Monday is the deadline to sign up for private health insurance in the new online markets created by President Barack Obama’s health care law. So far, about 4 out of every 5 people enrolling have qualified for tax credits to reduce the cost of their premiums.
Here’s what you need to know:
— The sign-up website stumbled on deadline day. Visitors to HealthCare.gov on Monday morning saw messages that the site was down for maintenance. At times the visitors were also directed to a virtual waiting room — a feature designed to ease the strain on the site during periods of heavy use. Officials attributed the problem to a software bug.

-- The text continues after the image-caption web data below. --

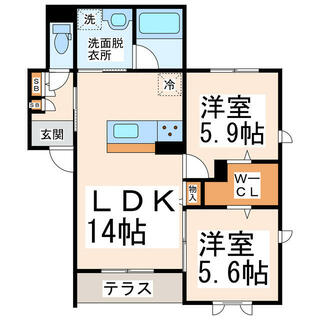 間取り：243008768173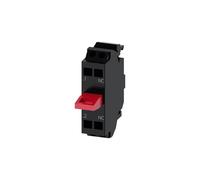 Contact Block 1R Installation in Housing 3SU1400-2AA10-3CA0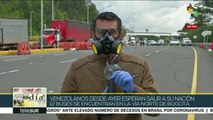Desánimo entre venezolanos varados en Colombia por caos en operativo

— The deadline is at midnight EDT for the states where the federal government is running the sign-up website; states running their own exchanges set their own deadlines.
— You can sign up online by going to HealthCare.gov or your state insurance exchange. If you don’t know what your state marketplace is called, HealthCare.gov will direct you.
—You can call 1-800-318-2596 to sign up by phone or get help from an enrollment specialist.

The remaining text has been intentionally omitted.